Having been forewarned by my fellow reviewer I had already downloaded the 48mb file and had it waiting on standby, however I was pretty sure I wouldn't need this as I was going to be installing it on a Vista-based PC which already has the required MS updated files as standard.
So I plugged in the power and happily heard the drive very quietly whirring away, next I plugged in the supplied USB cable (I don't have firewire yet ) into the unit and then plugged it into the PC. After a few minutes of arguing with Vista about finding the device drivers (NB: This is a Windows Vista issue not an issue with the drive itself.) the autorun menu came up and I started to install the Maxtor backup software.

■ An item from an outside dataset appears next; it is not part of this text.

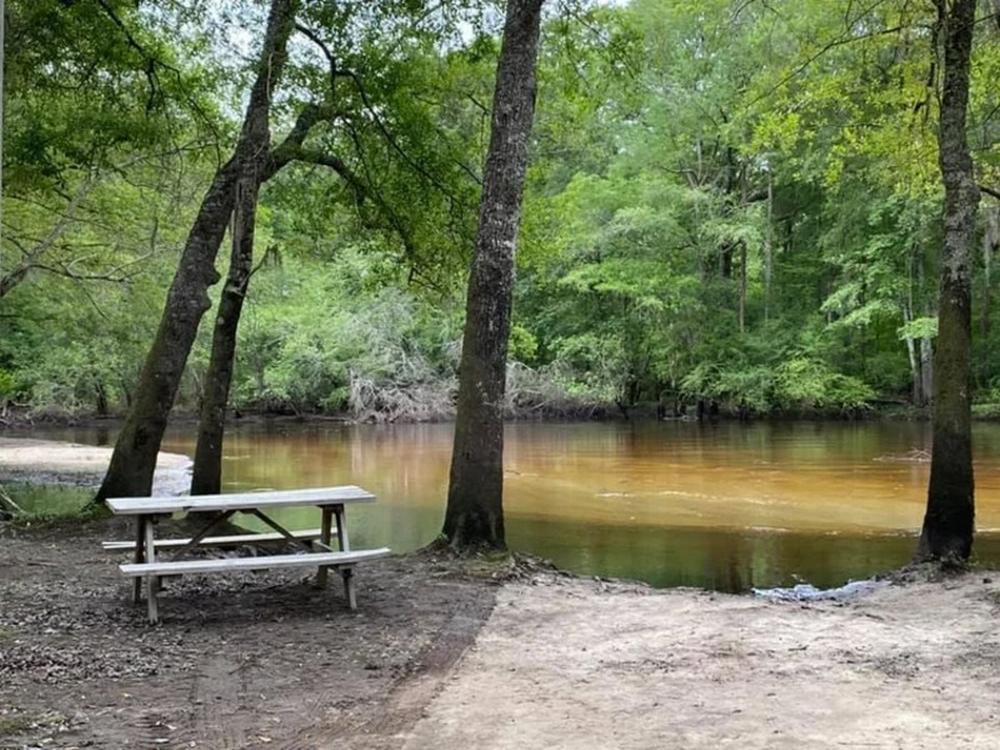 Panic table with lake view at Ohoopee River Campground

My first task was to test the backup software, so I pressed the button on the front of the drive and voila, up it popped. I decided to opt for the 'Backup My Documents every day at 10pm' option first, so I selected this and let it run. After 3 days I checked and everything was being backed-up perfectly with no issues. So next I decided to try the custom backup. I selected a few folders, set a backup time and left it to it, a week later I checked and once again the backups had run smoothly with no issues.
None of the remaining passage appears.